I have the great fortune of being new neighbors with a writer – a kind, warm, generous, multi-faceted writer who travels and plays music and mentors young people and builds community among writers. In all my years of imagining Gertrude Stein and her salons and her stunningly brilliant friends … feeling an affinity for Virginia Woolf and the Bloomsbury Group … I had this idea that I was living in the wrong time, in the wrong place, and maybe I was, or maybe I am, but right now, I have the great fortune of being new neighbors with a writer.

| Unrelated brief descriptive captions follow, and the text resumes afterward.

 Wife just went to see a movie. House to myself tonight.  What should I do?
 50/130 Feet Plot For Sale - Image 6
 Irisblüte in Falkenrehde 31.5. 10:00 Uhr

She invited us to dine and write one night with her writing group – any of us who might be interested. Grace and I went. I put on my hat and coat and gloves. Why? It’s cold. My ears get chilled quickly. I needed warmth on the trek from my front door to hers.

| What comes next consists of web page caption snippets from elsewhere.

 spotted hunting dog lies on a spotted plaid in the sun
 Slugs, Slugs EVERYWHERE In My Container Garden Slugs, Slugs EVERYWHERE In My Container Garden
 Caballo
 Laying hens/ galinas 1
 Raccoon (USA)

I can see her dining room from my kitchen.
I can’t explain my bundling. It’s just something I do, something I did, something I’ll do again.
Here’s what I wrote when it came time for that. Here’s the bit I shared:
The snap of the fire. The rush of the music. The calm. All the pens moving. This is church. This is a Quaker Friends Meeting, everyone sitting quietly, opening space for truth to tumble in.
How much space or time or heat does the fire need to ignite? Does it depend on the snow? The age of the wood? The ice clinging to its bark? Will the bark light? When?
One log burns down. My writer friend, the fire tender, adds a new log to the stack. Another log changes the sound of the fire, the snap of the sparks.
Family is like this, too.
We bring home a new puppy and the last new pet – a curious grey cat who joined our family as a kitten – pees. He pees everywhere.
Not to put the fire out, but what’s the difference?
Here. Here. Here. The fire. Yes. The rhythm of the music. Brings me back.
I have the great fortune of being new neighbors with a writer.
And although I miss my old neighbor, with whom I imagined for two years (but never planned) coffee dates, with whom I felt at ease – my old neighbor who I was eager to know, who seemed eager to know me, too, to know my family, my daughter, even when my daughter grew jealous and silent around her, wanting me, only me, as her own – although I miss this neighbor and her husband and their beautiful, funny, inquisitive, charismatic children, I am keenly aware that anything can happen and life is now.
I have the great fortune of being neighbors with a writer who – like me – enjoys a good game of dominoes on a snowy Sunday afternoon.